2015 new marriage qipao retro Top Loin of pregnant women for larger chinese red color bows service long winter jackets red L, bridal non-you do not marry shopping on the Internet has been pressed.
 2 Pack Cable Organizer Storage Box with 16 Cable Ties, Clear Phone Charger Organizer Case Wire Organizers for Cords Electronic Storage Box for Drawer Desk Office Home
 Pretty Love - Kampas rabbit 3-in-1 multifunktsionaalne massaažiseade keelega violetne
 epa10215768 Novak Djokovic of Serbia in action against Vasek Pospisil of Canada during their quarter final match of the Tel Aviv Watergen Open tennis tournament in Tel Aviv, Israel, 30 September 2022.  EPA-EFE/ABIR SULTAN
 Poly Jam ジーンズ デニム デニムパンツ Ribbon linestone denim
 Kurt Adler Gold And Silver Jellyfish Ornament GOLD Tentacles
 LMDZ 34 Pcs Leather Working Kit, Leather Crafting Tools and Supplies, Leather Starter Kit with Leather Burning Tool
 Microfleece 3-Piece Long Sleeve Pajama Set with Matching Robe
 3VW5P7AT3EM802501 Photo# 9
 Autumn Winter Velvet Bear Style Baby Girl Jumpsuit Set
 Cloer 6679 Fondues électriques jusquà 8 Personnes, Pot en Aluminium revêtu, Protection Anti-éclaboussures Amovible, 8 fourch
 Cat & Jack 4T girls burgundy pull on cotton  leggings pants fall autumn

ABOUT THIS TASK.
Please copy the line that contains "Microfleece 3-Piece Long" and each line after it through the end of the records, exactly, and no other lines.

ANSWER TO THIS TASK.
 Microfleece 3-Piece Long Sleeve Pajama Set with Matching Robe
 3VW5P7AT3EM802501 Photo# 9
 Autumn Winter Velvet Bear Style Baby Girl Jumpsuit Set
 Cloer 6679 Fondues électriques jusquà 8 Personnes, Pot en Aluminium revêtu, Protection Anti-éclaboussures Amovible, 8 fourch
 Cat & Jack 4T girls burgundy pull on cotton  leggings pants fall autumn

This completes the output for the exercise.